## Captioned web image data
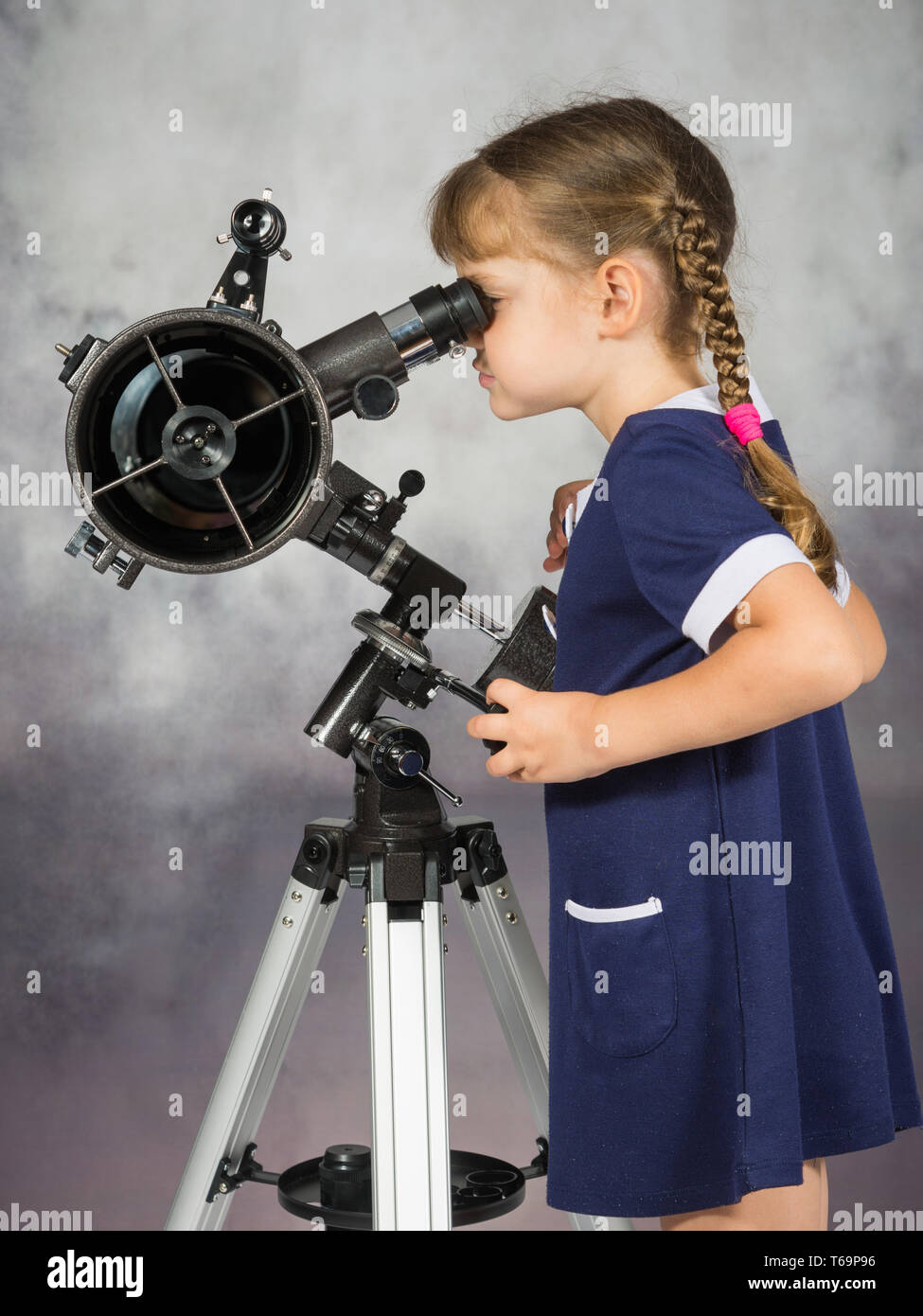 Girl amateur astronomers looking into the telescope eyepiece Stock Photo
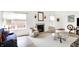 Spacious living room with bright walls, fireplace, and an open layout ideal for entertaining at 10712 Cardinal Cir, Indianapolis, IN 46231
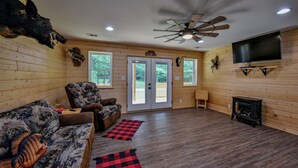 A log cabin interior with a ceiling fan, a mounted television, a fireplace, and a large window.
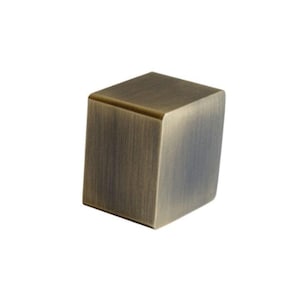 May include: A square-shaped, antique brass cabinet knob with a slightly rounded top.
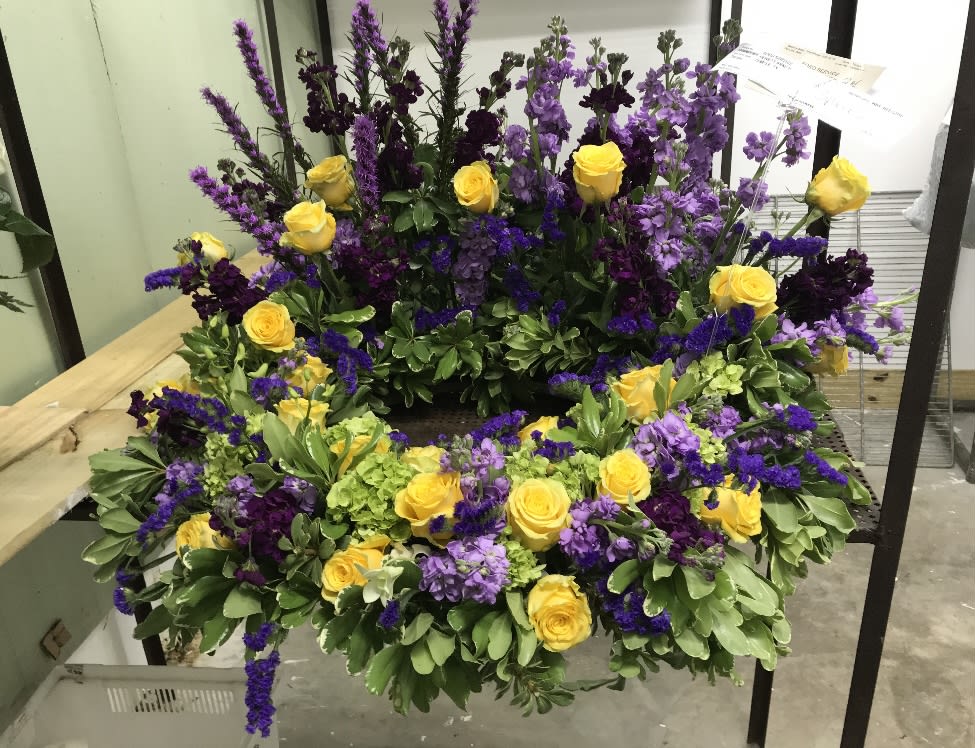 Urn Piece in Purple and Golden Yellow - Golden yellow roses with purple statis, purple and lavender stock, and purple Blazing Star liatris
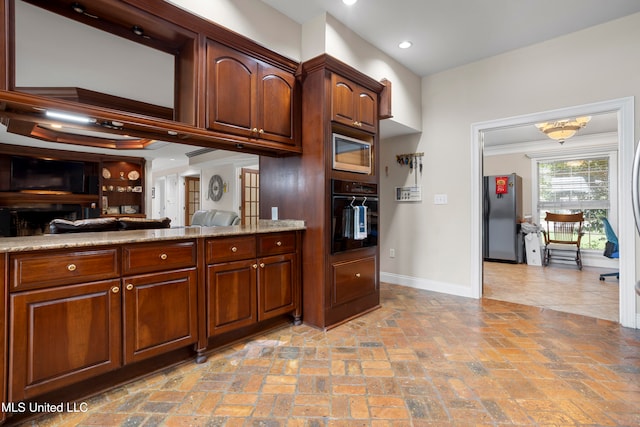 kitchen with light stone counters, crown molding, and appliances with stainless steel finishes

## PROBLEM TO SOLVE
Please give the data again in full, exactly as written, but without any images.

## RESPONSE TO THE TASK
 Girl amateur astronomers looking into the telescope eyepiece Stock Photo
 Spacious living room with bright walls, fireplace, and an open layout ideal for entertaining at 10712 Cardinal Cir, Indianapolis, IN 46231
 A log cabin interior with a ceiling fan, a mounted television, a fireplace, and a large window.
 May include: A square-shaped, antique brass cabinet knob with a slightly rounded top.
 Urn Piece in Purple and Golden Yellow - Golden yellow roses with purple statis, purple and lavender stock, and purple Blazing Star liatris
 kitchen with light stone counters, crown molding, and appliances with stainless steel finishes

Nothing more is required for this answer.